SOMETIME in the autumn of 200 years ago, George Stephenson accosted some farm labourers in a field near the River Tees at Stockton.

“Come, give me a spade,” he shouted in his broad Northumbrian accent. “Let it never be said that we haven’t made a beginning.”

With that, and without further fanfare, in October 1821, he turned the first sod of what was to become the world’s first modern railway.

That railway, the Stockton & Darlington Railway, opened 196 years ago today - and its bicentenary in 2025 could be a global commemoration of the railway that got the world on track.

Two hundred years ago, the railway pioneers were making huge strides towards their goal of joining the south Durham coalfield with the seaport of Stockton.

In Memories 521, we told how, on April 19, 1821, pit engineer Stephenson, from north of Newcastle, had arrived at the door of Edward Pease, who was leading the Darlington project, and in a celebrated meeting had convinced him that it should be steampower, and not horsepower, that should drive the line.

The meeting took place in Edward’s home in Northgate, where a kebab shop and a pizza parlour are today.

Look inside the dereliction of Edward Pease's house today

Stephenson also persuaded Pease that the line should be a railway, and not a tramway or a plateway, as other surveyors were advising. The concept was really now taking shape.

That summer, events moved surprisingly fast. On May 12, the railway shareholders held their first meeting in the King’s Head Hotel. They decided they should be chaired by Thomas Meynell, of Yarm, with Jonathan Backhouse, the Darlington banker, as their treasurer, and they selected a 14-man committee.

The Northern Echo: The original seal of the Stockton & Darlington Railway, showing a horse, as drawn up in 1821

But not all of the pioneers were as advanced in their thinking as Edward, and during the summer of 1821, the committee adopted an emblem drawn by the Reverend Daniel Mitford Peacock, the rector of Great Stainton. It shows a horse leading a train of coal trucks – a very outdated image for a steampowered railway.

Mr Peacock’s logo also contained the railway’s Latin motto, “Periculum privatum: utilitas publica”, which means “private risk at public service” – this Quaker-led line was risking private shareholders’ money in the hope of building a railway that would be of public benefit.

The Northern Echo: Edward Pease

Edward Pease (above) was thoroughly convinced of the potential benefit. He and his cousin Thomas Richardson, of Great Ayton, visited Stephenson’s colliery at Killingworth that summer to see his steam locomotives in operation.

Afterwards, Edward wrote that he thought there would be “no difficulty of laying a railroad from London to Edinburgh on which waggons would travel and take the mail at the rate of 20 miles per hour”.

Edward had been in a coal truck as the locomotive had pulled a train weighing 50 tons at an astonishing eight miles an hour.

“If the same power had been applied to speed which was applied to drag the waggons, we should have gone 50 miles an hour,” wrote Edward. “Previous to seeing this locomotive engine, I was at a loss to conceive how the engine could draw such a weight.”
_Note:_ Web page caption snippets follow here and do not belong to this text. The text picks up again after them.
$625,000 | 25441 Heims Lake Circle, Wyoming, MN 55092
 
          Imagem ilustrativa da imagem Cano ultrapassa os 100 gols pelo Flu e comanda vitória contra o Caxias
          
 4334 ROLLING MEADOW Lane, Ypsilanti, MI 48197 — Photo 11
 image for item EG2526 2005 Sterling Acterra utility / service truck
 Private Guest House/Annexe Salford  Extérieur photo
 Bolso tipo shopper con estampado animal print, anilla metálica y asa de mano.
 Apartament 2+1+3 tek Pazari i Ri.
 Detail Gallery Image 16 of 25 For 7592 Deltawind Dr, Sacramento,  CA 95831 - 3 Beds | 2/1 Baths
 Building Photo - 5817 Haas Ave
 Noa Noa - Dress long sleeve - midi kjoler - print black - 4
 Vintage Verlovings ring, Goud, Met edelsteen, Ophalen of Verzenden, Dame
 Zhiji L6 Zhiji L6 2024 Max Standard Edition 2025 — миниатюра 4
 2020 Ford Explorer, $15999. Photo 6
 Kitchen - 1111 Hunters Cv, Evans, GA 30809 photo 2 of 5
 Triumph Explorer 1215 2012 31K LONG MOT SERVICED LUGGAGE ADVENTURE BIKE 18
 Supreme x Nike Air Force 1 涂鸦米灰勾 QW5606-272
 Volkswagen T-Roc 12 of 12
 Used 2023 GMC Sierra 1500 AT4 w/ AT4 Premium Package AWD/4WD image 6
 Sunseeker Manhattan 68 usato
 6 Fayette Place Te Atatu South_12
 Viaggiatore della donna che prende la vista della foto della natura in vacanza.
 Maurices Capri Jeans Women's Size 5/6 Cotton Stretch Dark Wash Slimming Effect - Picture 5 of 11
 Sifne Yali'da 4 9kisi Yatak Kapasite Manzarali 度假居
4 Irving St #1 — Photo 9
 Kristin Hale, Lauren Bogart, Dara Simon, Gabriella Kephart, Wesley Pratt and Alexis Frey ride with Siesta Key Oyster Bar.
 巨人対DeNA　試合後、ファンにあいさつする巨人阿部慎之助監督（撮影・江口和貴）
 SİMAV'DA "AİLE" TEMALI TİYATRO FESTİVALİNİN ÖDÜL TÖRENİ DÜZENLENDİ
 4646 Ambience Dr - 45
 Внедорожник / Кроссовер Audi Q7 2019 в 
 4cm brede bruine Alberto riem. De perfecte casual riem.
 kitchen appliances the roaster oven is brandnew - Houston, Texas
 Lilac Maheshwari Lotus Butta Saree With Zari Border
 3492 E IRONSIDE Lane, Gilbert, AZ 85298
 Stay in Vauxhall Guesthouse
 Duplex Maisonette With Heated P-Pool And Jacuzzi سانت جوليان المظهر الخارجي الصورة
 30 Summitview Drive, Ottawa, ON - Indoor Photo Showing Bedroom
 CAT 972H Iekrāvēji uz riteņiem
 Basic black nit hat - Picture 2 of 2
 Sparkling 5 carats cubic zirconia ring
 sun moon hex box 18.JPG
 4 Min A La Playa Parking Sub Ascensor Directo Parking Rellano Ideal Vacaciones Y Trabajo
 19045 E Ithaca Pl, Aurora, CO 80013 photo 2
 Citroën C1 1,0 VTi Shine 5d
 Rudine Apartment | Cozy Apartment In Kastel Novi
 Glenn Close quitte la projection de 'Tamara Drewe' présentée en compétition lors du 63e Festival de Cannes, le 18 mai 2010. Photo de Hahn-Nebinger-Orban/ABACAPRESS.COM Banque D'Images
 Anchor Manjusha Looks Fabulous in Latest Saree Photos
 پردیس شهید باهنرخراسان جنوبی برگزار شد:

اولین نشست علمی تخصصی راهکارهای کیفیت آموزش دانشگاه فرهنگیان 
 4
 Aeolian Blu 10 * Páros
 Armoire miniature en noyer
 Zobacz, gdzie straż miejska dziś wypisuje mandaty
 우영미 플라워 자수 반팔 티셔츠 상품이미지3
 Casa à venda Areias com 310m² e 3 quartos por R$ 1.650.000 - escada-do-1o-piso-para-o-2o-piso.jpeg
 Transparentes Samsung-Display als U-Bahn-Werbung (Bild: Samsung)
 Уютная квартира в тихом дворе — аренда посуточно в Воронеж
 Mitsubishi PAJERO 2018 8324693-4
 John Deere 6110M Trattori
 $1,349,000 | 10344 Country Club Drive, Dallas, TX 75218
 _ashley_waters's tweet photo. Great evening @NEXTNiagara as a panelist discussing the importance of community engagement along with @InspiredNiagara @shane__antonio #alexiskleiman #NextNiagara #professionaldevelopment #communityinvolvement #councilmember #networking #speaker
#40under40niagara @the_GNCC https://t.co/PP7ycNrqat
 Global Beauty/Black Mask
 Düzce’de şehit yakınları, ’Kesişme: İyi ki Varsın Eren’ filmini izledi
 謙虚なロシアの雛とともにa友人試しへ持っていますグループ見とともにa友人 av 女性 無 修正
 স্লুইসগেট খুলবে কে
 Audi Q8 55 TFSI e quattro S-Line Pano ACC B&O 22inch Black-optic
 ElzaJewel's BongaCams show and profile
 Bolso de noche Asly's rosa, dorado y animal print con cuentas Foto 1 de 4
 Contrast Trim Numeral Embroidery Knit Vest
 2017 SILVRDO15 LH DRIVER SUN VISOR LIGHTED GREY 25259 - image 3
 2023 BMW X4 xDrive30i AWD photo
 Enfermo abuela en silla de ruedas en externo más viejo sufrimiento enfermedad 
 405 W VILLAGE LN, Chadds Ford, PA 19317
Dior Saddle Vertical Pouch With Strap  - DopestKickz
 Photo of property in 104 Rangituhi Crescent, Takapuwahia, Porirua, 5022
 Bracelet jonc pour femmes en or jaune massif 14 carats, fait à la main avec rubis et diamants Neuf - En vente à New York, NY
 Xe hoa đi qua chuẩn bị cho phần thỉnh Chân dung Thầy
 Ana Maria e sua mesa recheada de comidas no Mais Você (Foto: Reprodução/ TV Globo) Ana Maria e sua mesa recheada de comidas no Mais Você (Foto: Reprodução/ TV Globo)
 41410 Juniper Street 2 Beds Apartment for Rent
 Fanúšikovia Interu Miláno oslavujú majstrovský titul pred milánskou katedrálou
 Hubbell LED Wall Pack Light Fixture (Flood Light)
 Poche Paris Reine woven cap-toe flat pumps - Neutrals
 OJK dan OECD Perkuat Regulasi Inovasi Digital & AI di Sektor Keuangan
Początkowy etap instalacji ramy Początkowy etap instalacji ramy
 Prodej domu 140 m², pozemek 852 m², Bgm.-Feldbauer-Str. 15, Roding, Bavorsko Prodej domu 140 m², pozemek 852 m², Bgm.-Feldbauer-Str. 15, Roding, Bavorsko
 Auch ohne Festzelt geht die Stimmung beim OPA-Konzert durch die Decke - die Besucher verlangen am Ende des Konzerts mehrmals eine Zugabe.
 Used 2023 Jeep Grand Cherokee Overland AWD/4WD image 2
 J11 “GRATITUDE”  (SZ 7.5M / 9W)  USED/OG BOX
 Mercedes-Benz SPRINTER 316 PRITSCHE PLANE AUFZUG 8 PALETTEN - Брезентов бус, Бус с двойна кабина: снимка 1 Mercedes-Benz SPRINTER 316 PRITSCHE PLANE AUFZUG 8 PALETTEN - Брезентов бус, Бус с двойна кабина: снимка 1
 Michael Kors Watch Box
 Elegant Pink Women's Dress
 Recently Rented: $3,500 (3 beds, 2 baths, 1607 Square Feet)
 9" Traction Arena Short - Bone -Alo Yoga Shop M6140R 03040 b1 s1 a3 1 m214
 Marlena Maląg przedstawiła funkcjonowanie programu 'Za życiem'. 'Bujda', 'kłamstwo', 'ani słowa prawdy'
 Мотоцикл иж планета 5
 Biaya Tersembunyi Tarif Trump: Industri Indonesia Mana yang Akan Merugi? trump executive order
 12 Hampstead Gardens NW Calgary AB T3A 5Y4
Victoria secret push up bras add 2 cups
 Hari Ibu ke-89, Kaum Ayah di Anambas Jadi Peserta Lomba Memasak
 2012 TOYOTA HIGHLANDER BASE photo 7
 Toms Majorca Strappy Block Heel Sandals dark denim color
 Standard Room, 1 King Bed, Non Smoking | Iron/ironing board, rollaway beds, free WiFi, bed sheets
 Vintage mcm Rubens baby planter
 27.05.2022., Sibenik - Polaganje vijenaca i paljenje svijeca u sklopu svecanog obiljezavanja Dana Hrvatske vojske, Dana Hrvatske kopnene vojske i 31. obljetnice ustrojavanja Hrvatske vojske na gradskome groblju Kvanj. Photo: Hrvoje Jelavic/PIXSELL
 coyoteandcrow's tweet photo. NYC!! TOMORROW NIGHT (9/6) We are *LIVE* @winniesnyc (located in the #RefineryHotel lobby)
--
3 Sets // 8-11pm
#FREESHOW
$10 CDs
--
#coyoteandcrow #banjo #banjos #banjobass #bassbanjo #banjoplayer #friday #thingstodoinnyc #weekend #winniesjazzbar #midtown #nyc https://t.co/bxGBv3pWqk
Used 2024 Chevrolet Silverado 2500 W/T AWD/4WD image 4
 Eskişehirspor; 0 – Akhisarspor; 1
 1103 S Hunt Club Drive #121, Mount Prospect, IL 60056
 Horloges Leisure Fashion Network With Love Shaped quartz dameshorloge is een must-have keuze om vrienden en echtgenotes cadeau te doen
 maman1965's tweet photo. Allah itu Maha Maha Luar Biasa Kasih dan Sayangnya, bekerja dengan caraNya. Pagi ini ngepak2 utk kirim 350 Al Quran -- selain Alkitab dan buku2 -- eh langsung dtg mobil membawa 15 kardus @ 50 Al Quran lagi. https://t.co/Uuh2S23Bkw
Edward described Stephenson as “a self-taught genius”, and the railway committee agreed to pay George Stephenson two guineas a day, plus expenses, to survey the course of their line.

The Northern Echo: Robert Stephenson, seated, with his father, George - both men used the same method to take their railway lines over notorious bogs

George and Robert Stephenson

Making Edward’s house in Northgate his base, Stephenson began his work on October 14, 1821. He was assisted by his 18-year-old son, Robert, and by John Dixon (below), from the Cockfield family, who was regarded by the railway committee as a “suitable person” to show Stephenson the lie of the land. There were also two men holding levelling staves and two men carrying measuring chains.

The Northern Echo: Cockfield-born John Dixon (1796-1865), who may have taken the idea of the floating railway line to the Liverpool & Manchester

The weather was so fine 200 years ago that the survey was completed ahead of schedule, by October 31, and near St John’s Well at Stockton, Stephenson, in a moment of exuberance, is said to have grabbed a shovel and turned the first sod.

The Northern Echo: St John's Crossing, Stockton, in 1925

Where George Stephenson reputedly turned the first sod on the railway 200 years ago,St John's Well, in the centre of Stockton became known as St John's Crossing. It came to feature a weigh-house or ticket office that still stands - above as it was in 1925 and, below, as it is today

The Northern Echo: The restored St John's Crossing in Stockton

That story, like so many connected with the beginnings of the S&DR, may be apocryphal, but it shows that exactly 200 years ago, the railway that got the world on track was itself running on the right lines.